Great to speak to Arthur Labarre who works at Humanity Diaspo ONG as part of the civil service, with a mission to inspire youth to avoid gender stereotypes, and encourage more girls to consider a career in technology sectors. Arthur has some inspiring things to say and some great advice for younger researchers.
Take us through your industry journey so far? How did you arrive at this point?
It’s curious how life can only be a matter of time and being synchronised. Once, I was tagged by Elon Musk on Twitter but didn’t answer immediately because I was listening to a class attentively right to its end as an epicurian. By the end of the class, I was untagged of his post.
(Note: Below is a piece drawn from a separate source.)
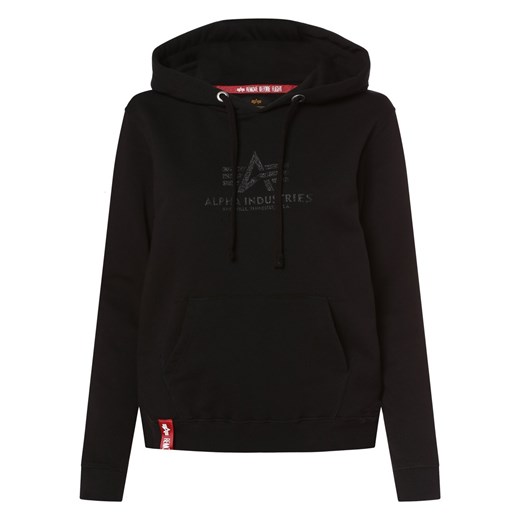 Alpha Industries Damska bluza z kapturem Kobiety Bawełna czarny nadruk Alpha Industries L vangraaf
One year later, scrolling on LinkedIn, I saw a post that was inviting applications for ESOMAR’s volunteering team for the annual congress at Edinburgh. A few weeks later, I attended it and discovered unforgettable speeches and presentations. Today, I’m part of an incredible massive, expanded network all around the world in which I feel myself and whole as a one.
In my latest work experience, I was working at Station F, the biggest incubator in the world, together with the team of the NGO Humanity Diaspo, a French Tech start-up. I’ve researched incubating and learning solutions to raise awareness among young people, based within the Paris region, on digital jobs, innovative entrepreneurship, and promoting women presence in Tech.
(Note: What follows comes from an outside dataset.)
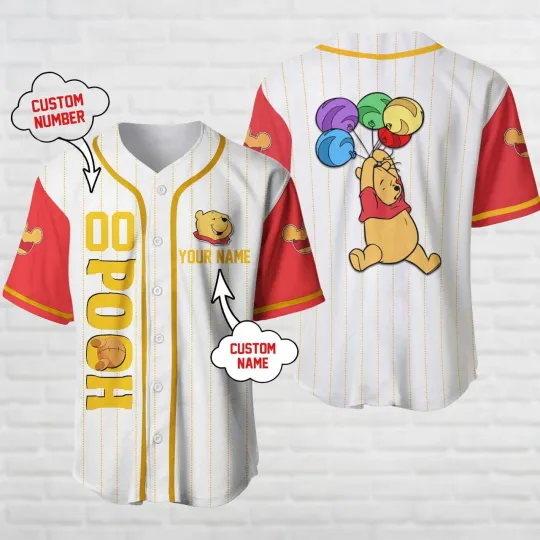 Discover Winnie The Pooh Baseball Jersey, Disney Cartoon Jersey Shirt, Honey Pooh Bear Base Jersey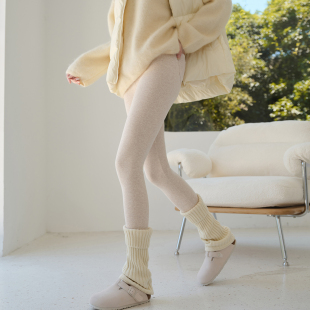 高腰纯棉羊绒蚕丝保暖棉裤 外穿女士秋冬季 高个子加长款 加绒打底裤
So, what’s so inspiring about our industry?
Everything has been said in our industry, and yet there’s so much more to talk about and learn from. When you figure out the increase of data produced since the beginning of lockdowns, such as the unstoppable creation of new technologies as much as social needs, you understand studying and delivering insights stays crucial for marketers to improve again and again.
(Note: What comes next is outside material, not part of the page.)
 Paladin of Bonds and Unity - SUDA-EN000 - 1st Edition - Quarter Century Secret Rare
It’s impressive how much you can tell and figure out about today’s life thanks to data. In the market research industry, we must keep our eyes wide open about everything if we want to stay competitive and take part in the evolution. Maybe MRX still has much to be renewed with technology so that people only must close their eyes and jump into new insights and aspects of industry.
What message do you have for anyone considering a career in our industry?
I am often reminded of an advertisement which touched me a few years ago. It was one from Levi’s, there were people, landscapes, and a down-to-earth vocal text with the final sentence: « Go Forth ».
How do very junior researchers stand out?
As a very junior researcher, I would say experience from older people stays an example to refer to. I think we will give and become the best of ourselves thanks to our mentors. How would we innovate anything without them? I grew up during the boom of new technologies: there always has been computers and screens somewhere at home since I’m born. This is not the case of our mentors from who we have much to learn.